Del resto, e non a caso, quando finora si parlato di secondo ponte la cittadinanza è stata “informata” nel senso che il problema ammettesse una sola soluzione: quella descritta “a monte” dell’attuale scavalco, per probabili funzioni di urbanizzazione dell’Oltrebormida-Marengo (erano i tempi dei magnifici destini dell’ex-Zuccherificio) più che di risposte adeguate alle carenze della grande viabilità ad Est, sicurezza compresa.
E’ stato accuratamente evitato, in altri termini, che la medesima cittadinanza venisse conoscenza che esistevano, ed esistono, due alternative di collocazione del nuovo ponte, quella “a monte”, (appena ricordata e caldeggiata dagli ambienti di Palazzo Rosso), e quella “a valle” dell’attuale manufatto, col particolare non secondario che quest’ultima fosse sostenuta – sotto il profilo tecnico, strategico e di protezione civile – dalla Provincia ( DGP n 772 del 14.12.2005) e recepita dalla Regione ( DGR 7.2.2006) .

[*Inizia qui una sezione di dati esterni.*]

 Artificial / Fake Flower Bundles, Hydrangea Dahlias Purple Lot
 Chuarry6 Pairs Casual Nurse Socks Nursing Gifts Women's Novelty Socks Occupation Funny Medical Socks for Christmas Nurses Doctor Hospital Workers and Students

Questo per dire che, se e quando il problema “secondo ponte” dovesse tornare concretamente all’ordine del giorno degli Enti locali, il discorso progettuale dovrebbe correttamente ripartire dalla doppia alternativa, qui sommariamente ricordata, evitando di imboccare scorciatoie di corto respiro, anche in orizzonte “rischi di incidente rilevante” connessi al polo chimico di Spinetta.
Resta a capire se la Provincia, come decapitata politicamente dagli avventurosi riformatori costituzionali, avrà ancora in carico il suo tradizionale ruolo tecnico nella determinazione dell’assetto del territorio, ovvero se il suo “peso” sarà stato in qualche modo “alleggerito” nel quadro delle conseguenti ricomposizioni di competenze tra Enti e livelli amministrativi. Ma questo, come al solito, è un altro problema.